Tuttavia, il sarcasmo ricercato dagli autori finisce per guidare sottilmente la narrazione, con uno strano tono che ci interroga e, allo stesso tempo, ci seduce. La sintesi di questo può essere compresa nel processo di scelta del titolo. Come commenta Buñuel: “Mentre lavoravamo alla sceneggiatura, non abbiamo pensato per un solo momento alla borghesia. Ieri sera (...) abbiamo deciso di trovare un titolo. Uno dei quali avevo considerato, in riferimento al carmagnolle, era 'Abbasso Lenin o La Vergine della stalla'. Un altro, semplicemente: “Il fascino della borghesia”. Carrière ha attirato la mia attenzione sul fatto che mancava un aggettivo e, tra mille, è stato scelto “discreto”. Ci è sembrato che, con quel titolo, Il fascino discreto della borghesia, il film ha assunto un'altra forma e quasi un altro sfondo.
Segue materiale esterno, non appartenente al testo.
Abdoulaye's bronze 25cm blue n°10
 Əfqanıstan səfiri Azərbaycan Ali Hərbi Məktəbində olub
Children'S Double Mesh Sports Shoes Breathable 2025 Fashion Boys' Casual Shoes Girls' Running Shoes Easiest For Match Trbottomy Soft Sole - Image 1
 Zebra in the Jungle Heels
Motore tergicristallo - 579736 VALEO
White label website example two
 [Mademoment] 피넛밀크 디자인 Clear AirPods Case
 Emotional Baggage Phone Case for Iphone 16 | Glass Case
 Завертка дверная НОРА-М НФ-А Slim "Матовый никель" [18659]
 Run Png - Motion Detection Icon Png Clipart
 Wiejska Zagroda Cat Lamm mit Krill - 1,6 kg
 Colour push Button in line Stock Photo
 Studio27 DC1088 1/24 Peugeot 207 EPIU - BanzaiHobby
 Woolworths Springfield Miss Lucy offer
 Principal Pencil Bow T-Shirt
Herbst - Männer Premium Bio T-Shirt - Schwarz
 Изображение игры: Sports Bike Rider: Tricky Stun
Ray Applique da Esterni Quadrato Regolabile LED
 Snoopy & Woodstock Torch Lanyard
Lo guardavamo in modo diverso” (2009, p.344).

È per questi ed altri motivi che la storia del cinema si scrive anche a partire dalla “storia segreta” contenuta nell'elaborazione delle sceneggiature. Con la sua consueta discrezione, Carrière è uno dei protagonisti di questa storia.

*Rafael Valles è scrittore, documentarista, insegnante e ricercatore.

Riferimenti


BONITZER, Pascal; CARRIERE, Jean Claude. La fine – pratica del copione cinematografico. Barcellona: Paidós, 1991.

BUÑUEL, Luis. il mio ultimo respiro. San Paolo: Cosac Naify, 2009.

CARRIERE, Jean-Claude. Il linguaggio segreto del cinema. Rio de Janeiro: Nuova Frontiera, 2014.

GONÇALVES FILHO, Antonio. la parola naufrago. San Paolo: Cosac Naify, 2001.